In the 1850s, large numbers of Chinese immigrated to the American West. Most came from the Pearl River Delta region of South China, where famine and political instability made if difficult for them to support the large extended families thought to be essential to happiness and success. When exaggerated reports of the California Gold Rush reached China, thousands of Chinese men booked passage for California. In contrast to many of the other immigrants to the American West, few of the Chinese immigrants intended to settle permanently in the U.S. They planned instead to work in the gold fields only until they had saved enough money to return to China and support their families.
Few Chinese, however, found wealth in the U.S. In order to pay for their passage across the Pacific, many Chinese immigrants became indentured servants.
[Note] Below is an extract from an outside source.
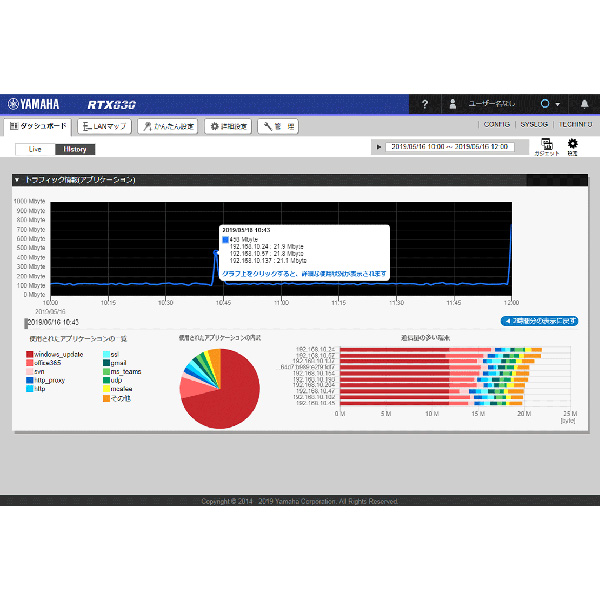 アプリケーション制御ライセンス DPI Type1 5年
Arriving in America with a heavy load of debt, they were forced to work until they had paid back their debt. Chinese and Anglo employers alike took advantage of their plight, paying the immigrants just enough to keep their hopes alive but not enough to free them from debt.
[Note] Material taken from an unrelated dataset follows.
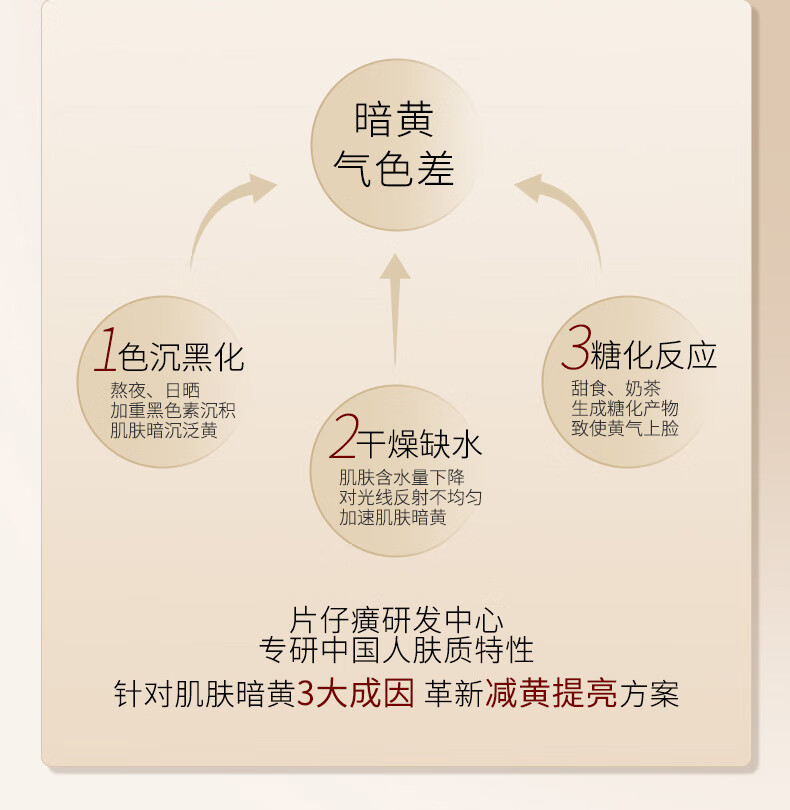 片仔癀皇后牌净妍水乳套装护肤品套装爽肤水乳液补水保湿提亮肤色水乳 水120ml+乳80ml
By 1880, just over 100,000 Chinese lived in the United States, the majority of them in California. Most came in hopes of striking it rich in the gold fields, but they quickly learned to make money in whatever way they could. Despite the prevalence of local and state laws prohibiting them from owning certain mining properties or entering into specified businesses, many Chinese succeeded in finding niches. Groups of Chinese immigrants would occasionally band together and transform old mining claims, abandoned by Anglos, into paying operations. Others prospered in businesses like laundries or restaurants, which most Anglo men considered menial "women's work."
Inevitably, the success and distinct culture of the Chinese immigrants made them an easy target for xenophobic Anglos. Wherever they went, however, the Chinese were treated with growing resentment. By the 1880s, many working-class Anglos began to accuse the Chinese of depriving them of jobs and undermining early efforts to unionize the western mining industry. Blatant racism fed Anglo hatred. One San Franciscan argued that God intended the Chinese to remain only in China, for "they are not a favored people, they are not to be permitted to steal from us what we have."
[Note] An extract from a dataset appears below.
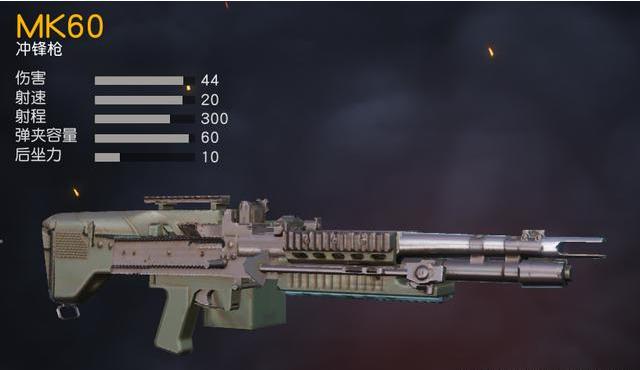 吃鸡游戏里面哪款枪最好打,吃鸡游戏中哪把枪最好用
The American government responded to these fears by limiting Chinese immigration with the Chinese Exclusion Act of 1882, the first time that the U.S. excluded immigrants based on race and nationality. Significantly, the Exclusion Act only excluded Chinese laborers. The U.S. continued to welcome merchants, who promised to help Americans maintain lucrative trading ties with the vast Chinese population, and professionals who offered valuable skills. Immigrants from no other nation received such discriminatory treatment.
Six years later, the Chinese government agreed to the fundamental principles of the Exclusion Act. Under pressure from the U.S., the Chinese signed a treaty on this day in 1888 agreeing not to allow any laborers to immigrate to America. Only in 1943, when China became a valuable ally in the war against Japan, did the U.S. finally abandon this blatantly racist policy.